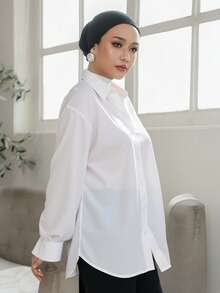 DAZY 女士纯色落肩长袖衬衫，长袖上衣商务休闲女装，秋季服装 - 白色 - 查看 4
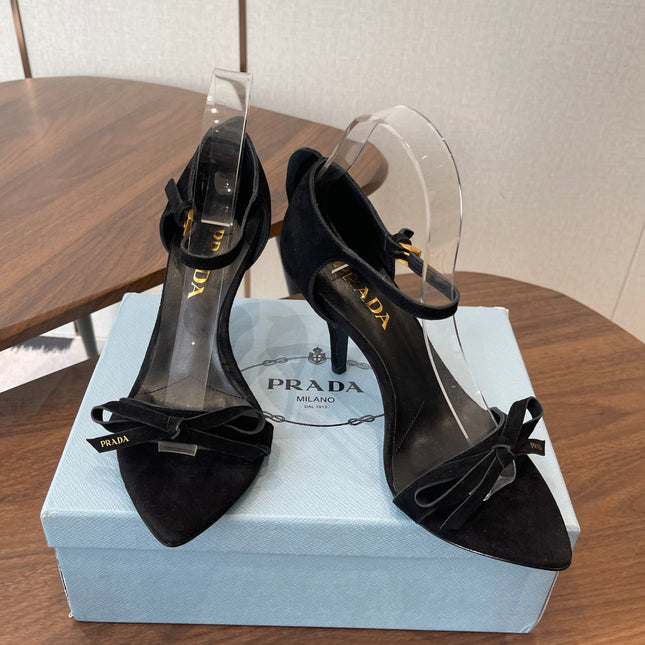 PRADA 26S HIGH HEEL SANDALS 85MM IN BLACK SUEDE WITH BOW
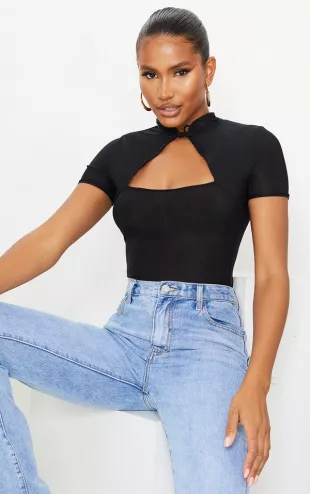 Black Slinky Cut Out Fastened Short Sleeve Bodysuit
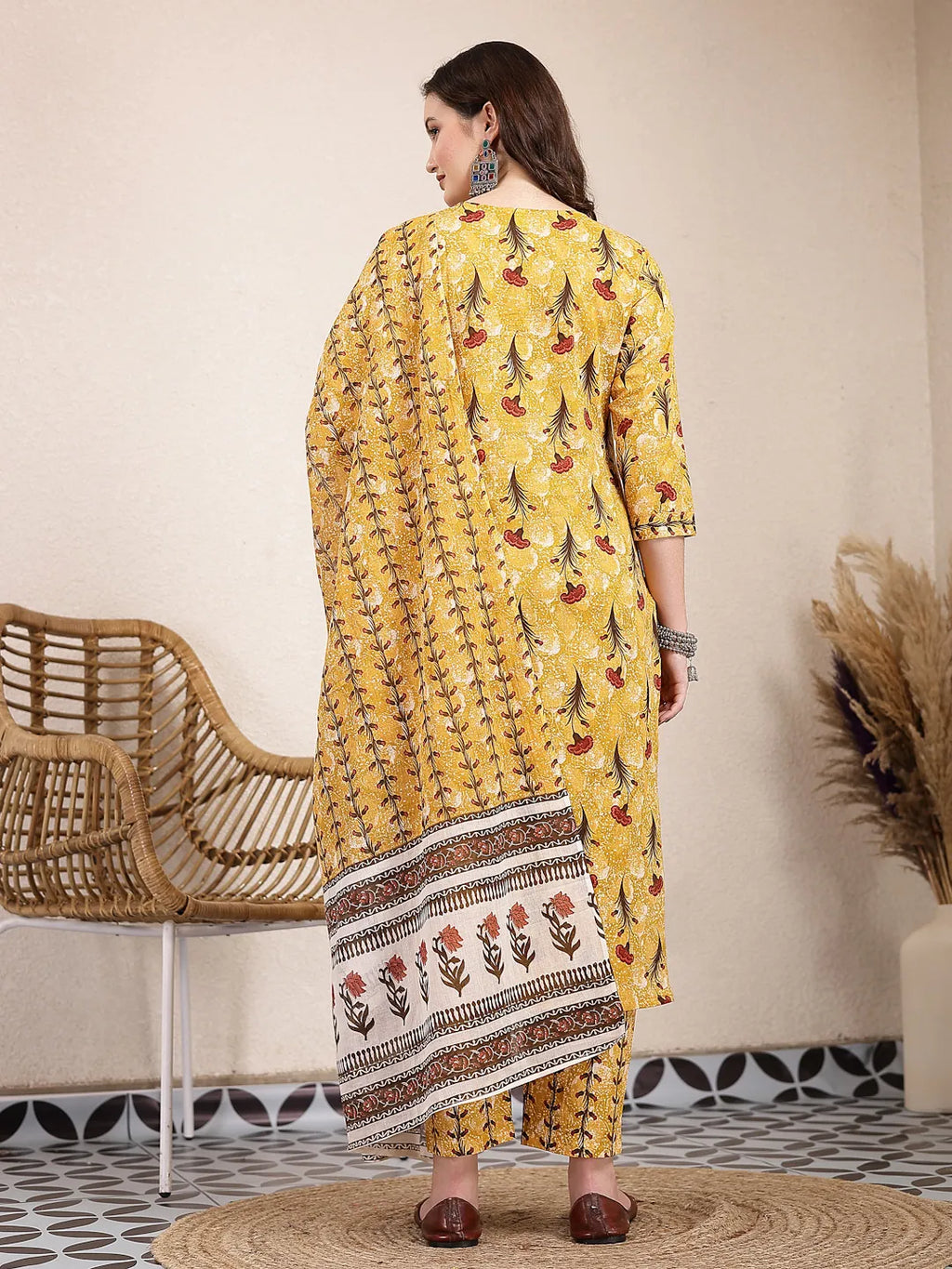 Yufta Mustard Cotton Lace Work On Yoke Straight Kurta Dupatta Pant Set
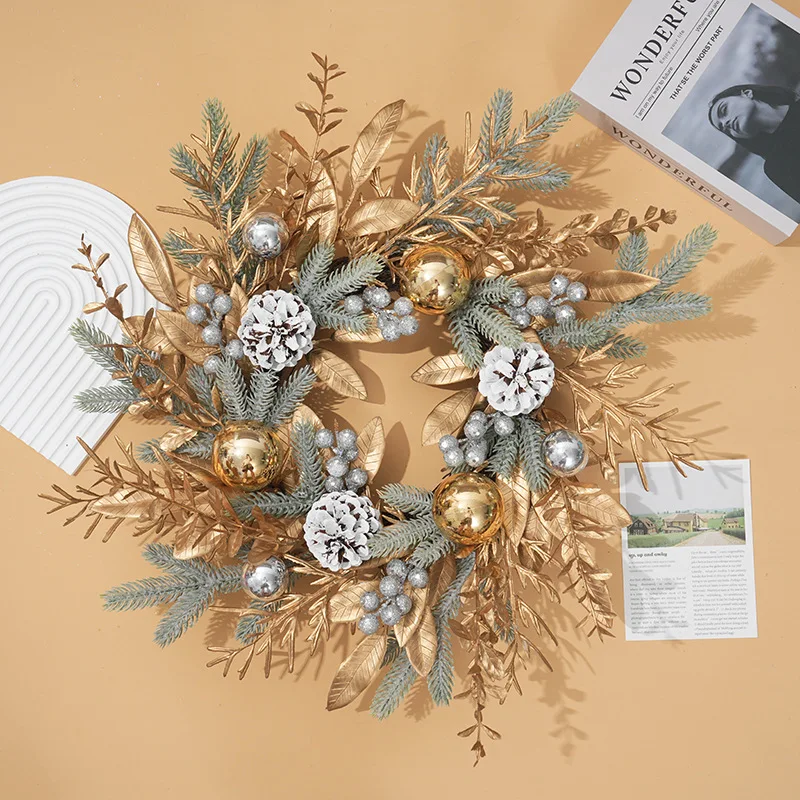 Christmas Wreath Pine Cones Snow Frost Pine Needles Golden Branches and Leaves Electroplated Ball Rattan Circle Door Hanging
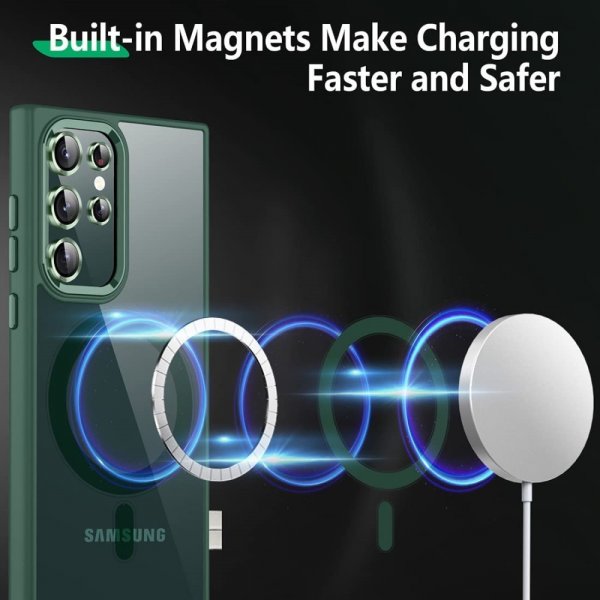 Samsung Galaxy S23 Ultra Cover Farvet Kant MagSafe Grøn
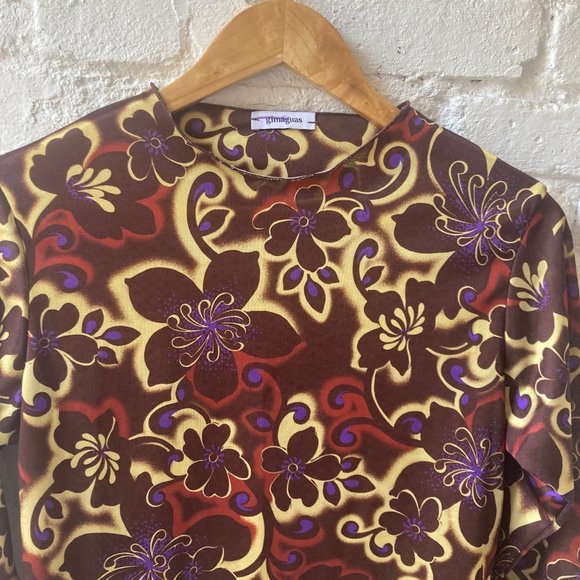 NWT ~ GIMAGUAS Funky Brown Jersey "Turtleneck" ~ Size L - Picture 3 of 9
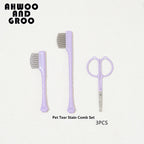 Pet Facial Cleaning Comb Set Removes Tear Stains Eye-poop Cat Paw Comb Dog Hair Repair Scissors Cat Hair Comb Pet Clean Supplies
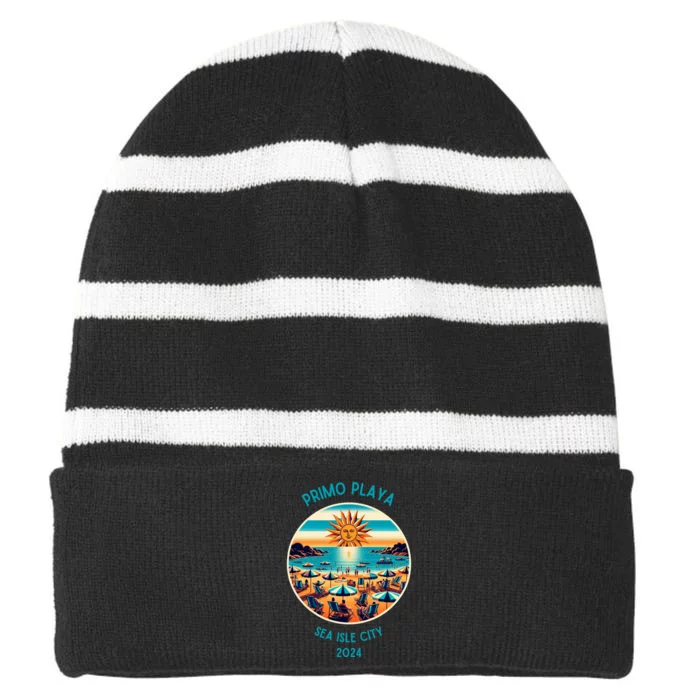 Primo Playa Fun Beach Scene Striped Beanie with Solid Band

• **Task item**: All of the entries above need to be repeated exactly, minus the pictures.

• **Exercise response**:
 DAZY 女士纯色落肩长袖衬衫，长袖上衣商务休闲女装，秋季服装 - 白色 - 查看 4
 PRADA 26S HIGH HEEL SANDALS 85MM IN BLACK SUEDE WITH BOW
 Black Slinky Cut Out Fastened Short Sleeve Bodysuit
 Yufta Mustard Cotton Lace Work On Yoke Straight Kurta Dupatta Pant Set
 Christmas Wreath Pine Cones Snow Frost Pine Needles Golden Branches and Leaves Electroplated Ball Rattan Circle Door Hanging
 Samsung Galaxy S23 Ultra Cover Farvet Kant MagSafe Grøn
 NWT ~ GIMAGUAS Funky Brown Jersey "Turtleneck" ~ Size L - Picture 3 of 9
 Pet Facial Cleaning Comb Set Removes Tear Stains Eye-poop Cat Paw Comb Dog Hair Repair Scissors Cat Hair Comb Pet Clean Supplies
 Primo Playa Fun Beach Scene Striped Beanie with Solid Band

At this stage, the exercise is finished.